Data to use ::
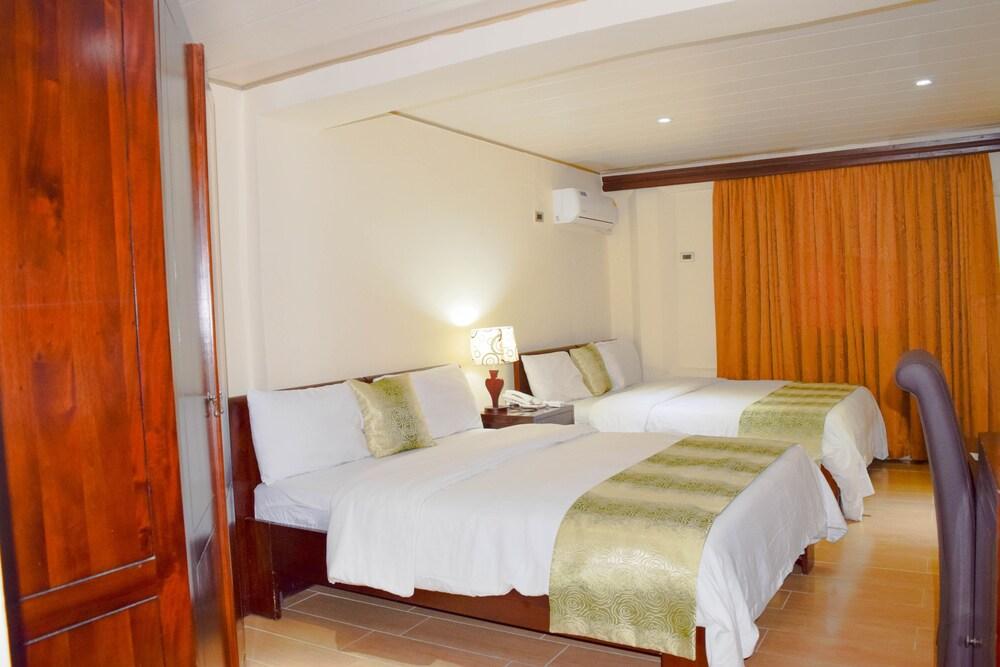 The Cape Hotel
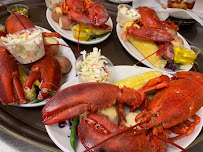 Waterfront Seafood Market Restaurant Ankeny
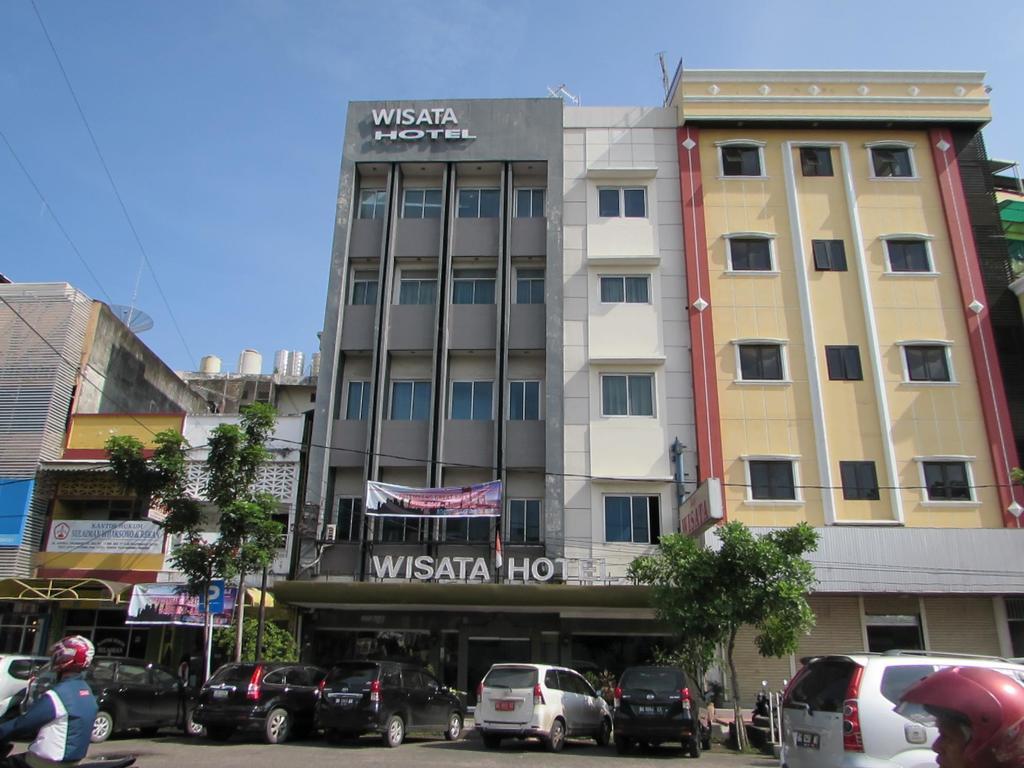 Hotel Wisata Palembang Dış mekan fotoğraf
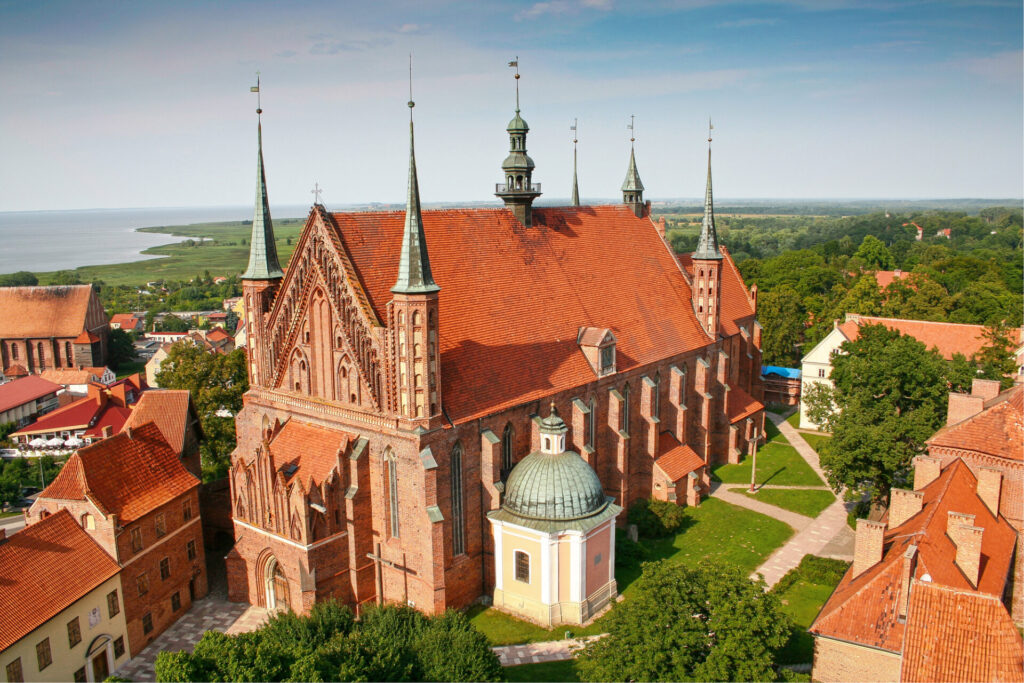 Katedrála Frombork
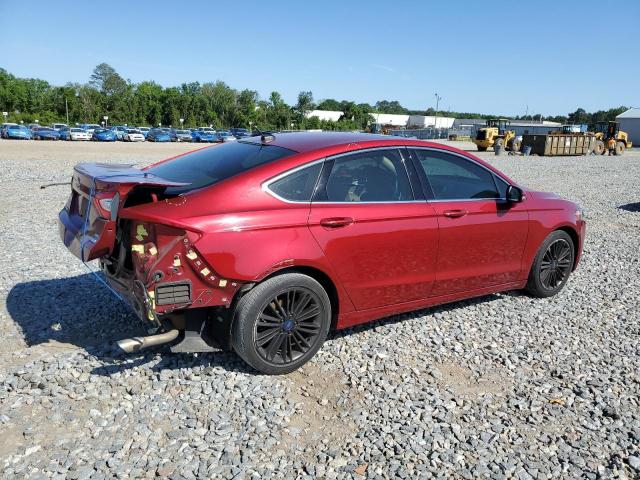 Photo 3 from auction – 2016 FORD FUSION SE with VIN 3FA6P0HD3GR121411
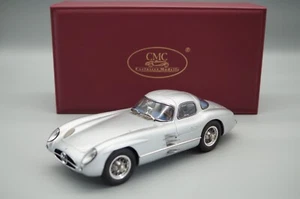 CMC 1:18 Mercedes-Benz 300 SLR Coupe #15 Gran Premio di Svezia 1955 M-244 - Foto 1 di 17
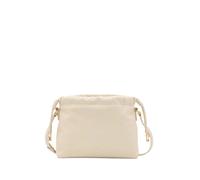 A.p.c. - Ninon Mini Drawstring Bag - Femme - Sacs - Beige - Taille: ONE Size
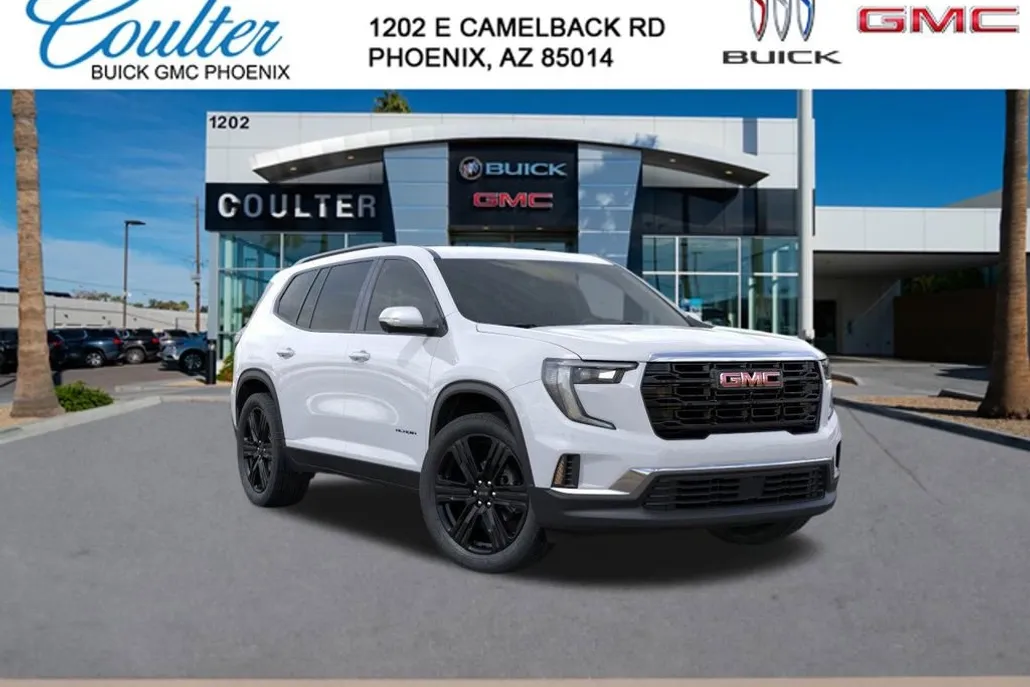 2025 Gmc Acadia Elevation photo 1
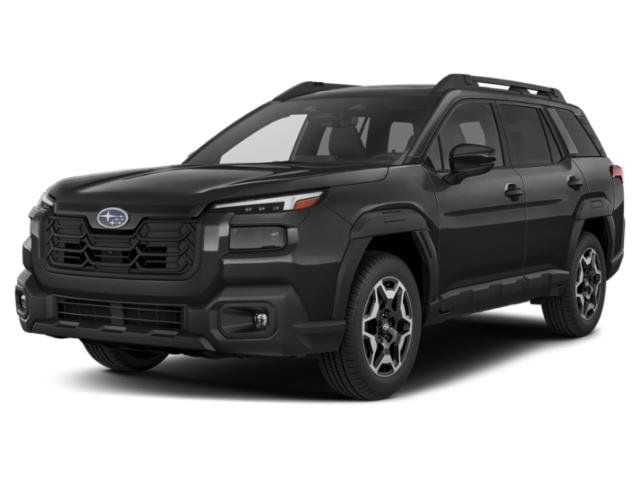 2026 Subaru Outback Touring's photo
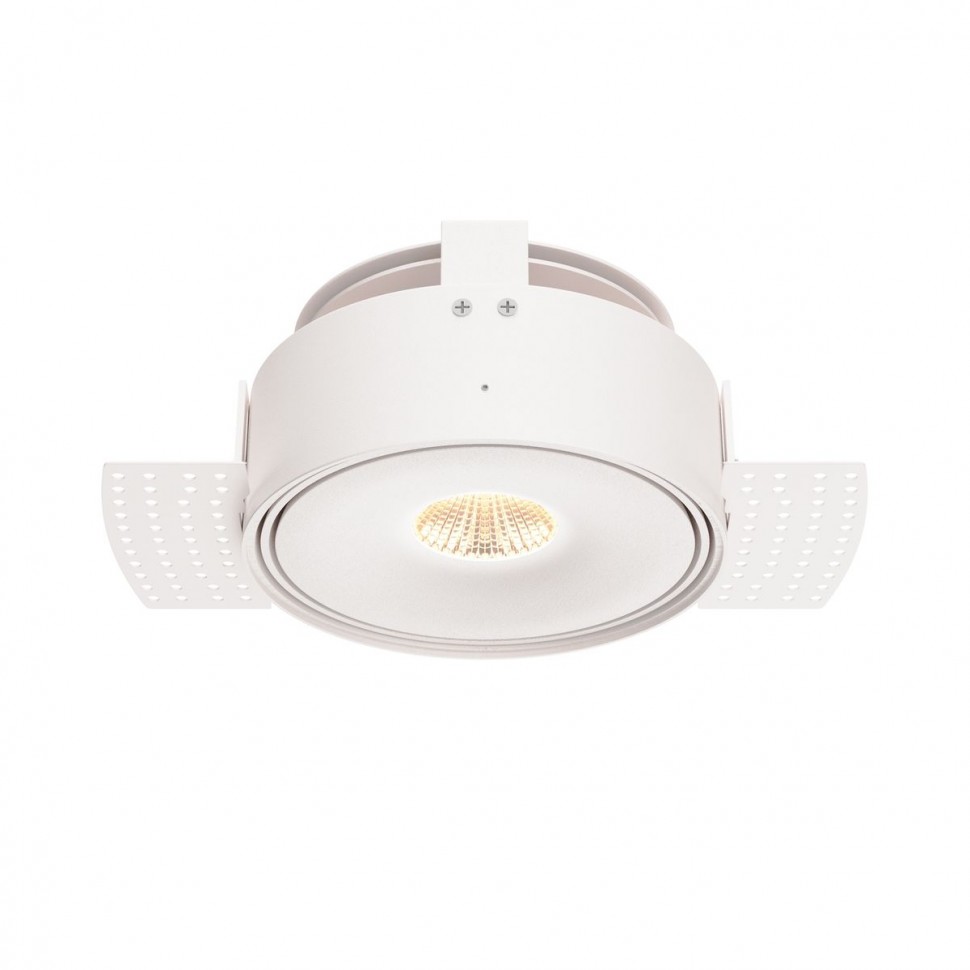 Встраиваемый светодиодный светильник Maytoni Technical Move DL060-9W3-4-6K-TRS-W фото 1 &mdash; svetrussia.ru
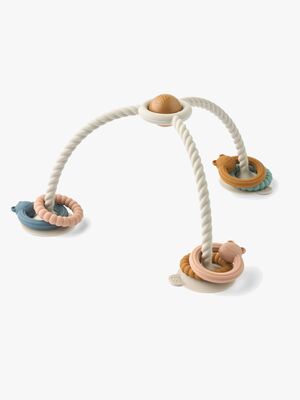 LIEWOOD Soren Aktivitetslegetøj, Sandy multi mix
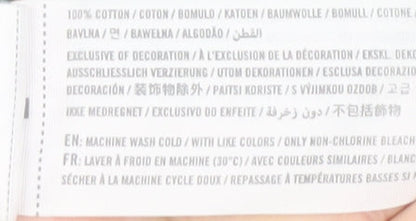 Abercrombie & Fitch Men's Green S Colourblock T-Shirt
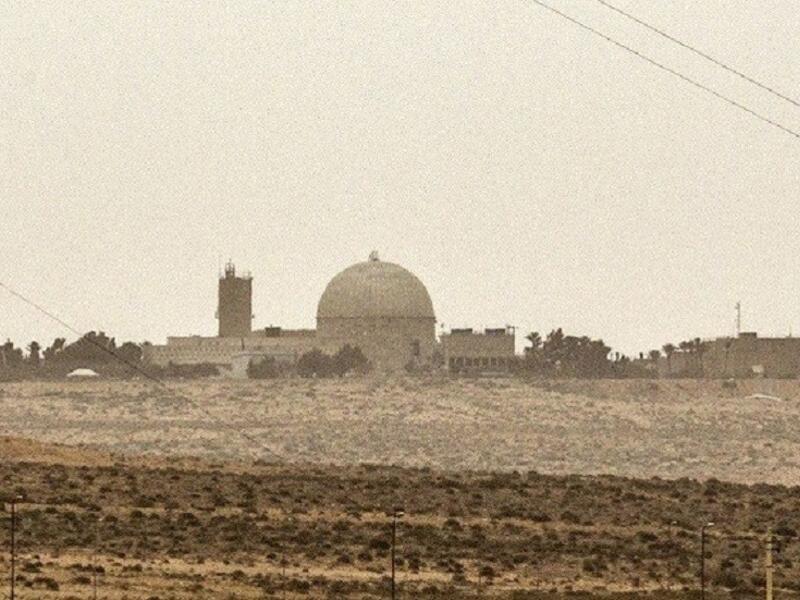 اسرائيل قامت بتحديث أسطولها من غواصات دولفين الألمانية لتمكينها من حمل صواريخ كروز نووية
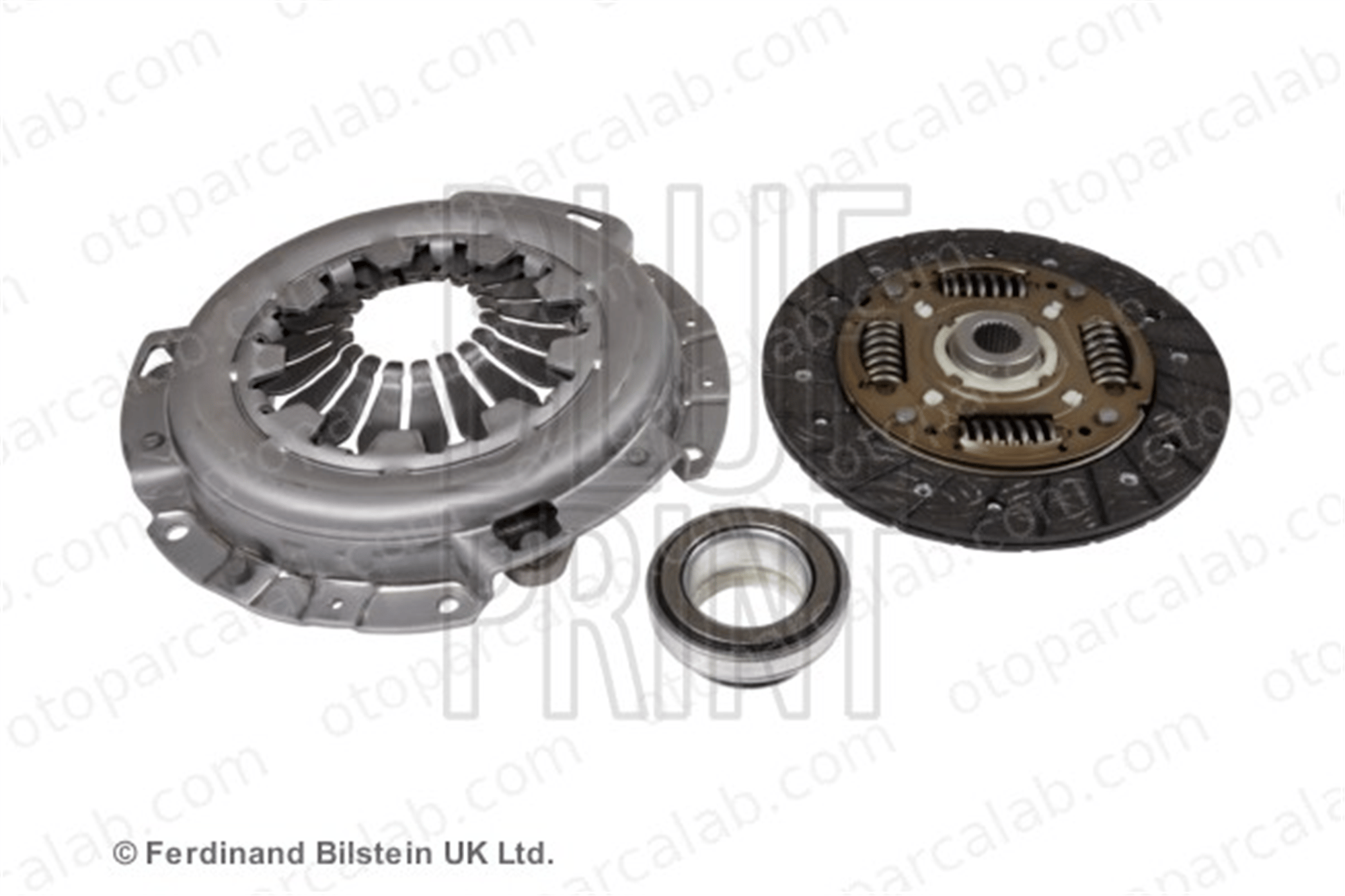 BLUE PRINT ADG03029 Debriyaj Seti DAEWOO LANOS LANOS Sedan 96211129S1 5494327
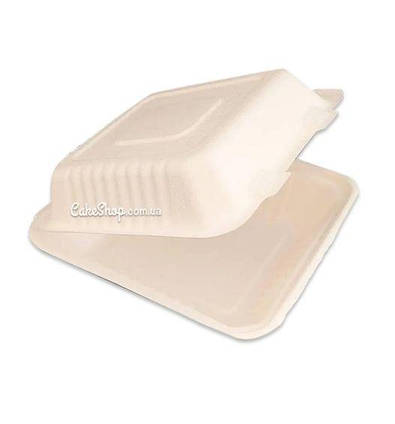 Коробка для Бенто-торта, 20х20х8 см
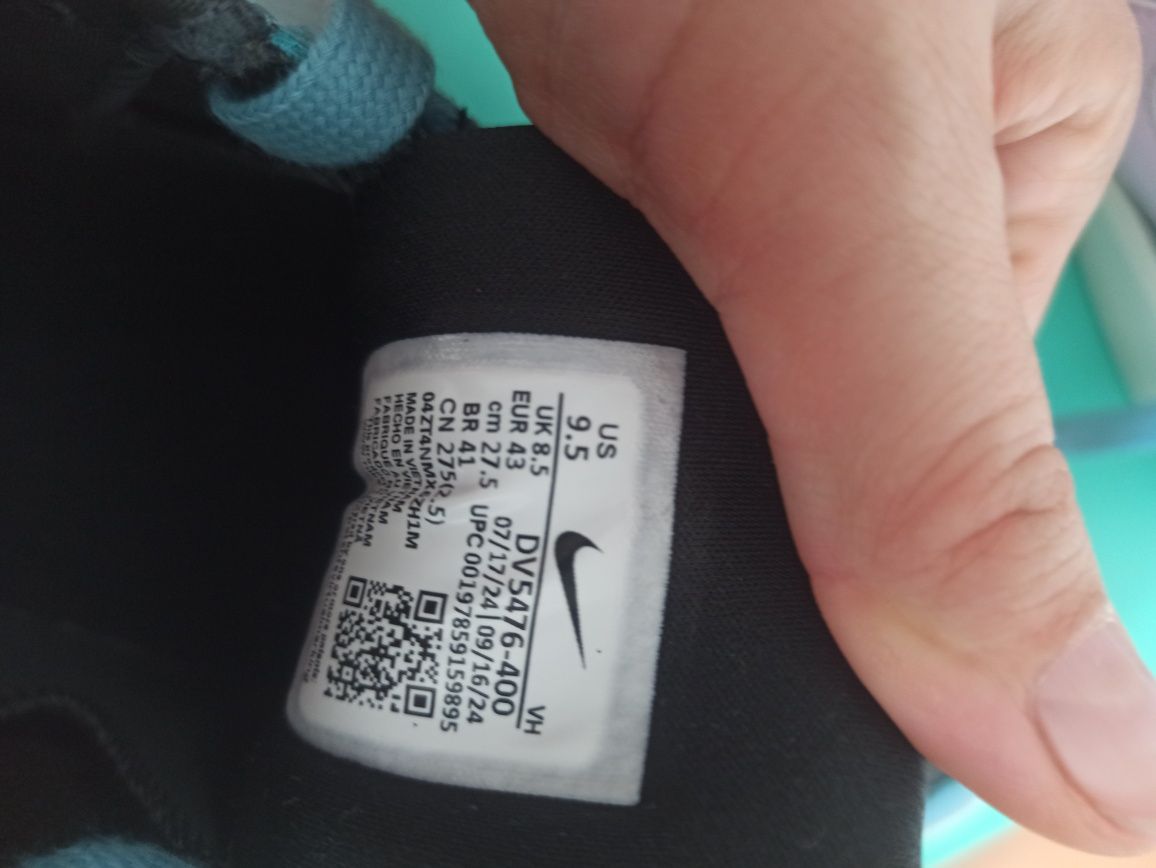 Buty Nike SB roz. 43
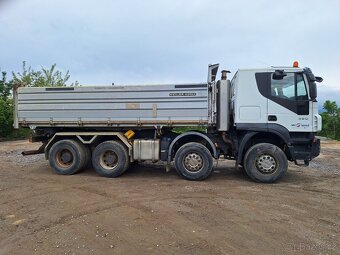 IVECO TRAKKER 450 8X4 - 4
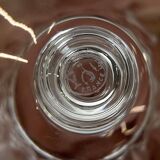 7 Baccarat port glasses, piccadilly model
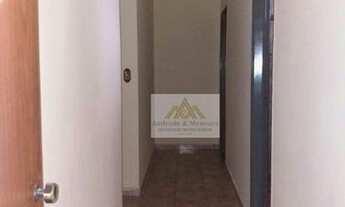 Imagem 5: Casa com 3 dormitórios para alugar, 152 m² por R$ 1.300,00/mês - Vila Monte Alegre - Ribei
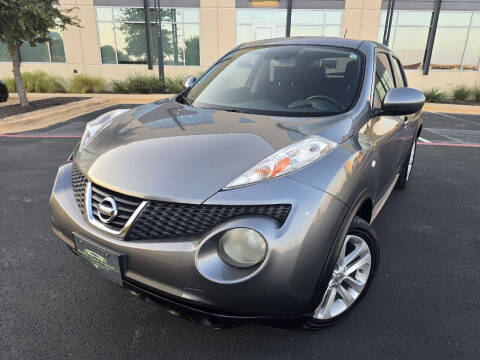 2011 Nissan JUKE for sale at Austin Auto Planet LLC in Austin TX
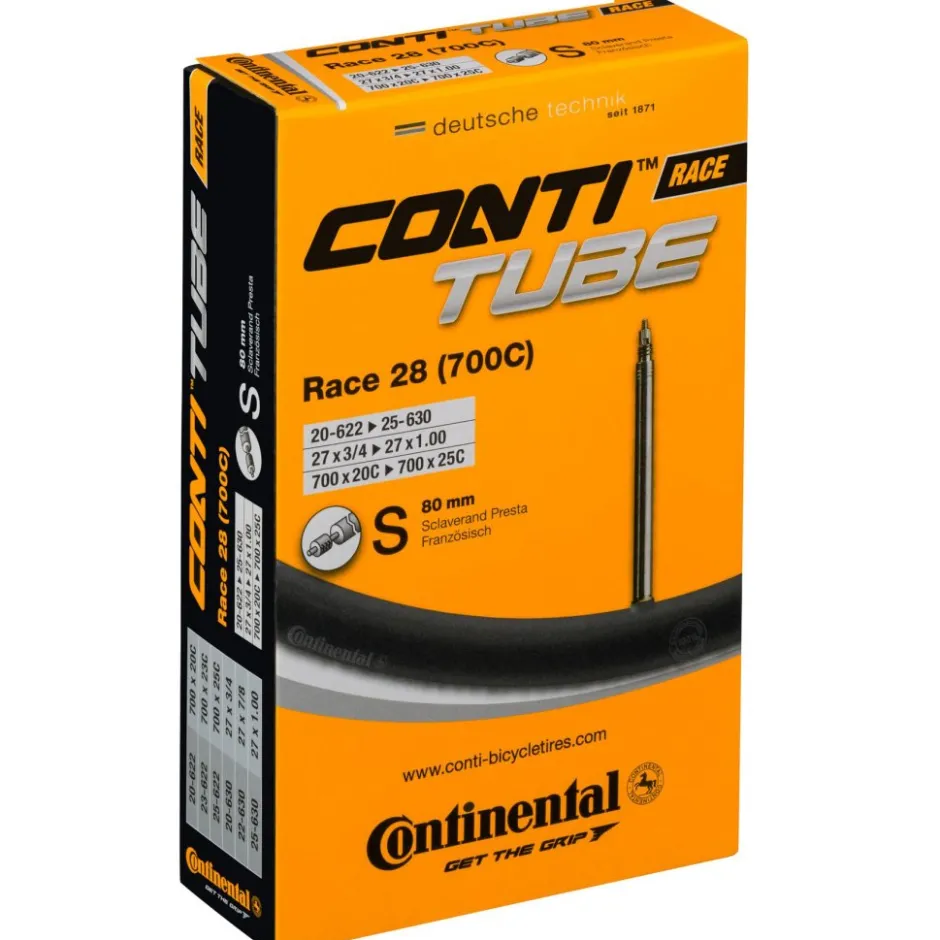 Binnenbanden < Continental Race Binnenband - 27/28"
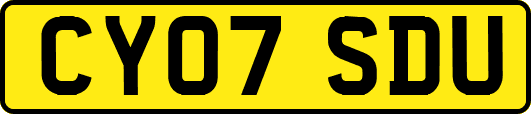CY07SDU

Activity :: Transcribe exactly the lines above, beginning at the one with "2025 Gmc Acadia Elevation photo 1" and going up to and including the one with "Buty Nike SB roz. 43". Pictures do not belong in the copy.

Answer box ::
 2025 Gmc Acadia Elevation photo 1
 2026 Subaru Outback Touring's photo
 Встраиваемый светодиодный светильник Maytoni Technical Move DL060-9W3-4-6K-TRS-W фото 1 &mdash; svetrussia.ru
 LIEWOOD Soren Aktivitetslegetøj, Sandy multi mix
 Abercrombie & Fitch Men's Green S Colourblock T-Shirt
 اسرائيل قامت بتحديث أسطولها من غواصات دولفين الألمانية لتمكينها من حمل صواريخ كروز نووية
 BLUE PRINT ADG03029 Debriyaj Seti DAEWOO LANOS LANOS Sedan 96211129S1 5494327
 Коробка для Бенто-торта, 20х20х8 см
 Buty Nike SB roz. 43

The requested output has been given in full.